Two moles of an ideal monoatomic gas undergoes an adiabatic process from temperature \(300\text{ K}\) to \(600\text{ K}\). Work done by this ideal gas in the process is

1. 600R
2. –200R
3. –450R
4. –900R
View Answer

Work done in an adiabatic process is \(W = \frac{nR(T_1 - T_2)}{\gamma - 1}\). For monoatomic gas, \(\gamma = 5/3\). Substituting the parameters: \(W = \frac{2R(300 - 600)}{5/3 - 1} = \frac{-600R}{2/3} = -900R\).

Question 76: easy

The sun delivers about \( 1400 \text{ W/m}^2 \) of electromagnetic flux to Earth’s surface. If the flux falls on a roof of dimensions \( 8\text{ m} \times 20\text{ m} \) normally, then total power incident on the roof will be

1. 224 kW
2. 112 kW
3. 32 kW
4. 96 kW
View Answer

Power is given by the product of intensity and area: \( P = I \times A \).
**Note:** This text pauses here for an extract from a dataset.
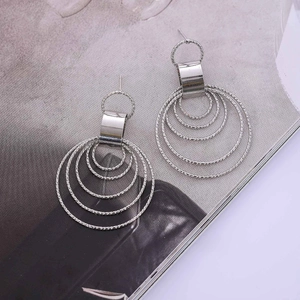 Elegant multi-layered silver round hoop earrings with textured finish for women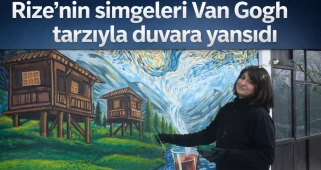 Rize’nin simgeleri Van Gogh tarzıyla duvara yansıdı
Here \( I = 1400 \text{ W/m}^2 \) and \( A = 8\text{ m} \times 20\text{ m} = 160 \text{ m}^2 \). Therefore, \( P = 1400 \times 160 = 224,000 \text{ W} = 224 \text{ kW} \).

Question 77: easy

When 150 gm of ice at \( 0^\circ\text{C} \) is mixed with 60 gm of water at \( 50^\circ\text{C} \) in a container, the resulting temperature is

1. \( 2.7^\circ\text{C} \)
2. \( 3.7^\circ\text{C} \)
3. \( 5.7^\circ\text{C} \)
4. \( 0^\circ\text{C} \)
View Answer

Heat lost by water to cool to \( 0^\circ\text{C} \) is \( Q_{\text{lost}} = m_w c_w \Delta T = 60 \times 1 \times 50 = 3000 \text{ cal} \). Heat needed to melt all ice is \( Q_{\text{melt}} = m_i L = 150 \times 80 = 12000 \text{ cal} \). Since \( Q_{\text{lost}} < Q_{\text{melt}} \), only a part of the ice melts, and the final temperature remains \( 0^\circ\text{C} \).

Question 78: easy

1 g of steam at 100°C is mixed with 1 g of ice at 0°C, then resultant temperature of the mixture is

1. 100°C
2. 200°C
3. 50°C
4. 75°C
View Answer

Heat required to raise 1 g of ice at 0°C to water at 100°C is \(1 \times 80 + 1 \times 1 \times 100 = 180\text{ cal}\). Since 1 g steam releases \(540\text{ cal}\) upon complete condensation, only a fraction of the steam condenses, maintaining the final temperature at 100°C.

Question 79: easy

110 J of heat is added to a gaseous system whose internal energy is increased by 40 J then amount of external work done is

1. 150 J
2. 70 J
3. 110 J
4. 40 J
View Answer

According to the first law of thermodynamics, \(\Delta Q = \Delta U + W\). Substituting the values, \(110\text{ J} = 40\text{ J} + W \Rightarrow W = 70\text{ J}\).

Question 80: easy

At 10°C the value of the density of a fixed mass of an ideal gas divided by its pressure is X. At 110°C this ratio is

1. \[\frac{10}{110} X\]
2. \[\frac{283}{383} X\]
3. \[X\]
4. \[\frac{383}{283} X\]
View Answer

From ideal gas law, \(P = \frac{\rho RT}{M} \Rightarrow \frac{\rho}{P} = \frac{M}{RT}\). Hence, \(\frac{\rho}{P} \propto \frac{1}{T}\). Thus, the ratio becomes \[X \times \frac{273 + 10}{273 + 110} = X \frac{283}{383}\].